I first consider a standard approach to discovering transients by characterising their variability. By making use of even modest sampling with the high sensitivity and wide field of view of MeerKAT, I demonstrate how we are now able to uncover new transients almost by accident - if we exclude the vast amount of time spent planning, building and operating excellent telescopes, efficient pipelines and well- crafted observing proposals. In this work I found a stellar flare from a nearby M dwarf, which was then followed up and complemented by optical and X-ray photometry and spectroscopy, providing new insights on the system.

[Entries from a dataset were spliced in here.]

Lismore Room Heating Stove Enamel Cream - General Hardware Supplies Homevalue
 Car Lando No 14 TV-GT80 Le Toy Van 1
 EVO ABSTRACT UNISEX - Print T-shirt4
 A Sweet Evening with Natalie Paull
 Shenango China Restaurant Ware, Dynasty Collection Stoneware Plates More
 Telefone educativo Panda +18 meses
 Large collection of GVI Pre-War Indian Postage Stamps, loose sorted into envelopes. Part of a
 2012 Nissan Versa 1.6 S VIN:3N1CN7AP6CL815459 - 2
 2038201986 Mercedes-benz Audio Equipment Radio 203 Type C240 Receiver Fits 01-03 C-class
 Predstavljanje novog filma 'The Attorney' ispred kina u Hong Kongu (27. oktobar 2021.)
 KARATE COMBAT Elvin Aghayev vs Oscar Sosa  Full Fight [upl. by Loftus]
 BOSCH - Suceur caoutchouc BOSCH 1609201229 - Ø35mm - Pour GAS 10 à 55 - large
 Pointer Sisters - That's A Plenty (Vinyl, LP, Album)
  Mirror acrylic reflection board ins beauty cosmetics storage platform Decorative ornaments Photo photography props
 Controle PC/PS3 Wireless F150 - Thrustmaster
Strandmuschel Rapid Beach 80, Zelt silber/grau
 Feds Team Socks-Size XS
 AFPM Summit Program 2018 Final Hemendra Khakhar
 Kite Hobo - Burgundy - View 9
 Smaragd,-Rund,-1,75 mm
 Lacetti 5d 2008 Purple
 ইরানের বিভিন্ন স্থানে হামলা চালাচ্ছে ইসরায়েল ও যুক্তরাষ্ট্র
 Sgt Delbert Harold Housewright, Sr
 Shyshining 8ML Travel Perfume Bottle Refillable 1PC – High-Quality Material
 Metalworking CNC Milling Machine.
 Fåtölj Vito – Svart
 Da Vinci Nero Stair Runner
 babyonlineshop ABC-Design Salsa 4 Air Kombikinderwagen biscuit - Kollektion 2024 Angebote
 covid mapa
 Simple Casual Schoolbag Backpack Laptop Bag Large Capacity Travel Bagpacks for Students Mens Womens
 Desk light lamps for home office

Next I built a citizen science platform in order to perform such transient searches at scale, making use of a wide range of data available in the MeerKAT archive. I detail the process of review and beta-testing that resulted in the final design of the Bursts from Space: MeerKAT project. Over 1000 volunteers took part, demonstrating a healthy appetite for further Zooniverse data releases. Volunteers discovered or recovered a wide range of phenomena, from flare stars and pulsars to scintillating AGN and transient OH maser emission. I was also able to use the known transients in our fields to understand some reasons why interesting sources may be missed and will fold this learning through to future iterations of the project. This is the first demonstration of volunteers finding radio transients in images.
Finally, I show how anomaly detection, an unsupervised machine learning approach, is a suitable tool for finding these variable phenomena at scale, as is required for modern astronomical surveys. I use three feature sets as applied to two anomaly detection techniques in the Astronomaly package and analyse anomaly detection performance by comparison with citizen science labels. By using transients found by citizen scientists as a ground truth I demonstrate that anomaly detection techniques can recall over half of the radio transients within 10% of the sample dataset. I find that the choice of feature set is crucial, especially when considering available resources for human inspection and follow-up. I find that active learning on ∼2% of the data improves recall by up to 10%, depending on the feature-model pair. The best performing feature-model pairs result in a factor of 5 times fewer sources requiring vetting by humans. This is the first effort to apply anomaly detection techniques to finding radio transients and shows great promise for application to other datasets, a real-time transient detection system and upcoming large surveys.